En mi tiempo escolar —década del sesenta— las enciclopedias eran las reinas de la biblioteca del hogar. Sus lomos alineados con grandes números romanos, destacaban en el estante junto a los demás —pocos o muchos— libros de la familia.
No eran baratas, quizás por eso —y su probada utilidad— quien tenía el privilegio de poseer una, la trataba y cuidaba casi como a un ser vivo. Quien no, recurría a los compañeros felices poseedores o a las bibliotecas públicas, pero nadie prescindía de ellas.

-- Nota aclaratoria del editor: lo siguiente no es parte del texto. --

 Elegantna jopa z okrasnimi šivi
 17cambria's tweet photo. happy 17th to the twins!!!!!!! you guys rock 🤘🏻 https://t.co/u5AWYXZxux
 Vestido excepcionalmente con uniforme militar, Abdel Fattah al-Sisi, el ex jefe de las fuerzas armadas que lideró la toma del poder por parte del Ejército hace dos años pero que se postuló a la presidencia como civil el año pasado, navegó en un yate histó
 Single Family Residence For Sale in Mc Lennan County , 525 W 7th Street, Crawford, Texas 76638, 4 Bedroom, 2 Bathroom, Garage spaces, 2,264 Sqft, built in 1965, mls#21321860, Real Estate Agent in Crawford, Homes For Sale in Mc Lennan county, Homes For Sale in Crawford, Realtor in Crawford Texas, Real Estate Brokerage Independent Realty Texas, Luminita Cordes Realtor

La que llegó a mis manos era la colección “Lo sé todo”, de Editorial Larousse. Eran doce tomos de cuidada edición y profusas ilustraciones a color que abarcaban todo; porque aquella enciclopedia, valga la redundancia, lo sabía todo. O, al menos, era la sensación que nos dejaba a los usuarios que, infaliblemente, hallábamos lo que buscábamos: un mapa, una pintura famosa, una constelación. Lo que fuere, allí estaba.

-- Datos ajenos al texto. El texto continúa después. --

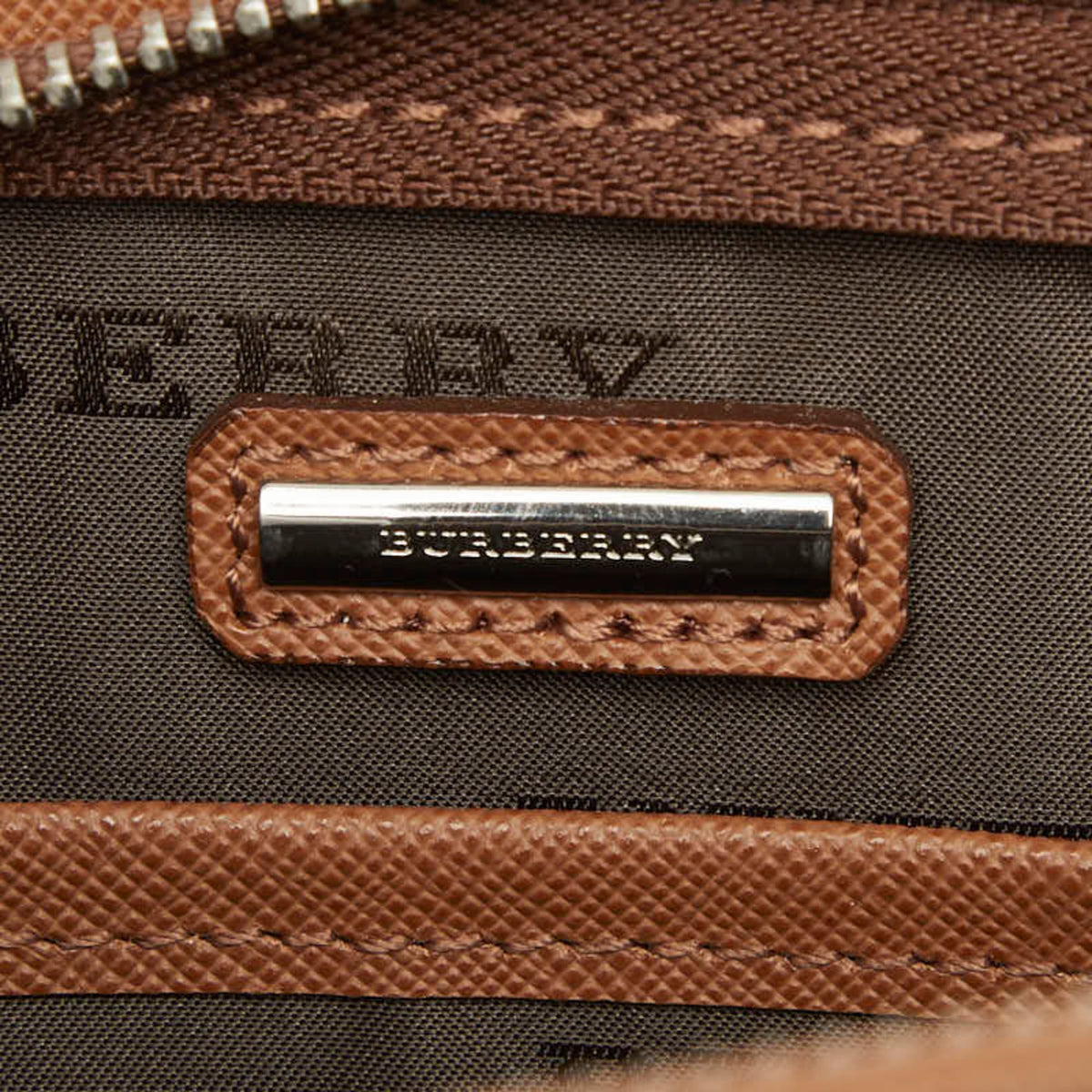 Burberry Brown Leather Clutch Bag (Pre-Owned)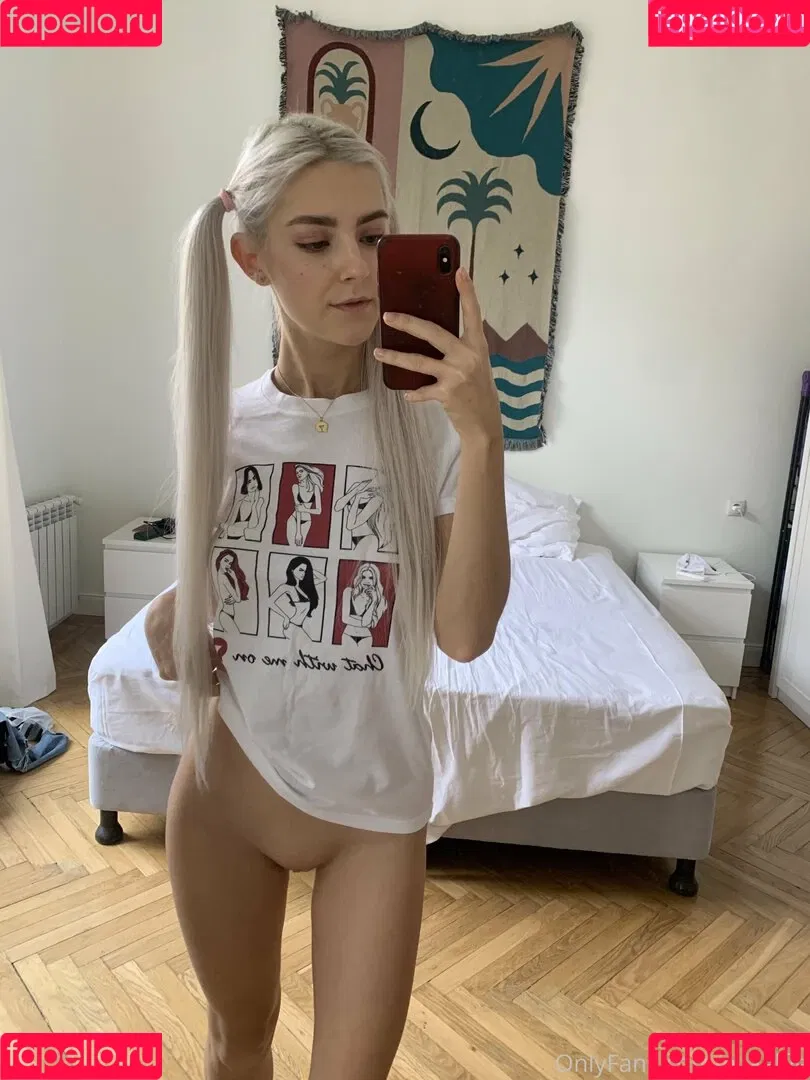 EvaElfie Onlyfans Photo Gallery 
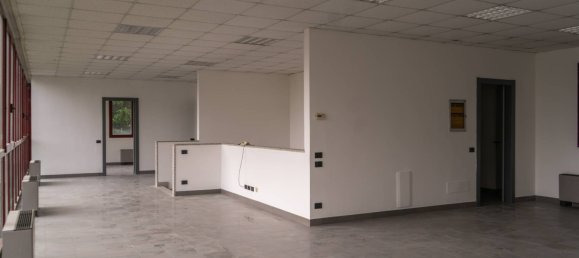 Almacén en Locate Varesino, Italy 670 m² No. 84450 13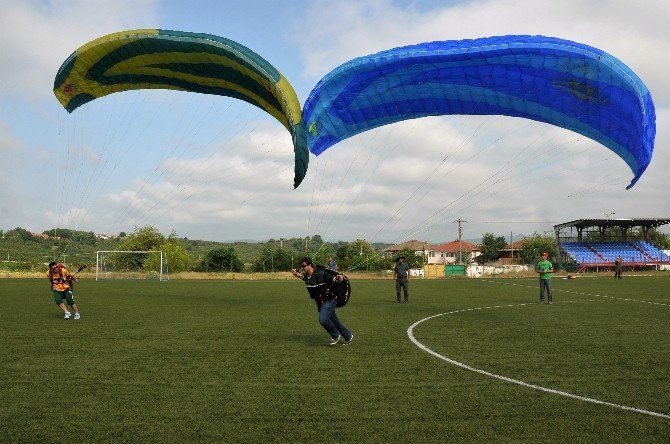 Akçakoca Yamaç Paraşütünde Cazibe Merkezi Oluyor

Eran el escalón superior de los manuales escolares —Kapeluz o Estrada, los más conocidos—, algo así como un vehículo de mayor cilindrada o un telescopio más potente. También estaban los llamados diccionarios enciclopédicos, pero no eran lo mismo.
Lo bueno del caso era que el uso cotidiano alimentaba un círculo virtuoso, una gimnasia benéfica de búsqueda, interpretación y ulterior aplicación del dato buscado. No existía la opción “cortar y pegar”, de modo que, una vez hallado, había que transcribirlo a mano, resumirlo e insertarlo en la tarea respectiva.
Los más afectos a la lectura, solíamos usarlas en los ratos libres como material de lectura, para asomarnos a la Antigua Roma o al Egipto de los faraones sin que la maestra lo requiriera.
Todo eso pertenece a otro tiempo, devorado por el vértigo y la inmediatez de la era digital. Hoy, aquellas enciclopedias se ofrecen como artículos vintage en los anuncios de E commerce.
Tengo de ese tiempo escolar un recuerdo entrañable, a la par de una gratitud vitalicia por la enseñanza “enciclopedista” recibida.